What a score! Through a little haggling, I managed to save these cuttings from being planted into 6” pots. This is a gorgeous opalescent rosette and super low-maintenance. This plant will do well in partial sun. It will be a powdery blue-green with a pink blush and a nice covering of farina. Moving it into sunnier conditions will bring out the pink blush on the leaf edges. Its distinctive leaves stay fairly upright and can grow into an 8.0" wide rosette.
This is a relatively fast grower and will produce clusters of offsets at the base of the mother rosette. It thrives in sunny locations and pots and soil with excellent drainage. Water deeply and only when the soil is completely dry.
Over time, it can grow trailing, bare stems up to 8.0" under each rosette. Fortunately, 'Opalina' is easy to propagate and will stay compact with a quick trim. With a sharp, clean pair of scissors, cut a stem just below the rosette. Leave the rosette in a cool, dry place for 3-5 days so the cut can dry and callus. Re-plant the rosette in gritty soil and water regularly until it establishes roots.

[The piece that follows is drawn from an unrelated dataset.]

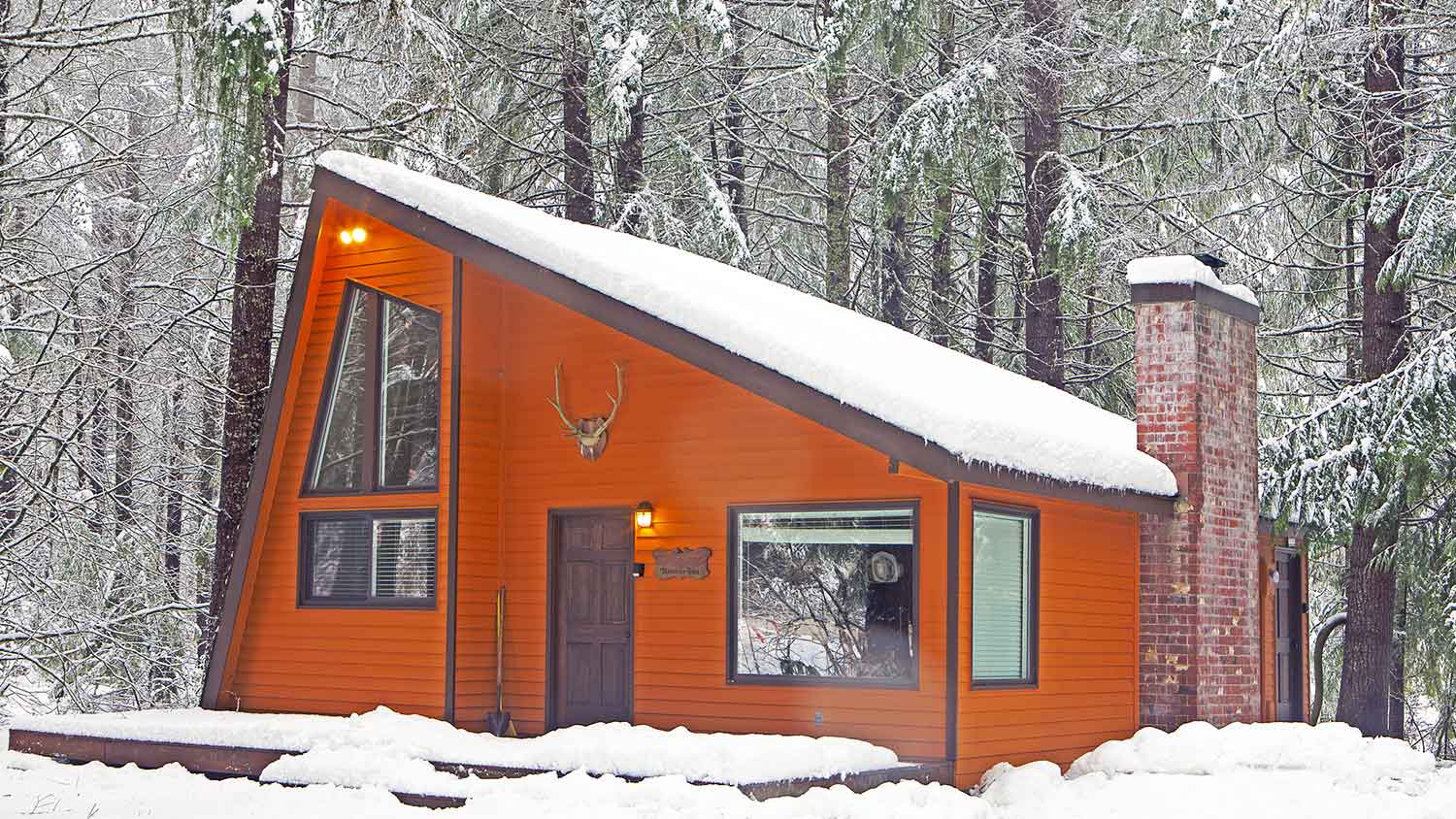 Orange siding cabin covered with snow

This cutting just needs to be poked in some well draining soil. It should show signs of new root growth within a few weeks - just in time for spring.
Parodia scopa - Silver Ball Cactus
A cute globose to cylindrical cactus with bright white areoles and spines. The stems are lined with 30-40 ribs of low tubercles. It boasts large, yellow flowers at the stem. This variety is native to Paraguay and Brazil. Mature plants can reach 20.0" tall and 4.0" in diameter, occasionally forming clusters.
This cactus variety will not survive a hard frost, but if there is a risk of freezing temperatures, it can be brought indoors to grow on a sunny window sill or under a grow light. Pick containers with drainage holes and use well draining soil mix with 70% or more mineral grit, such as coarse sand, pumice, or perlite. Water deeply and wait for the soil to completely dry out before watering again.
I hope you enjoy this month’s selection! You get to enjoy these without the guilt of calories!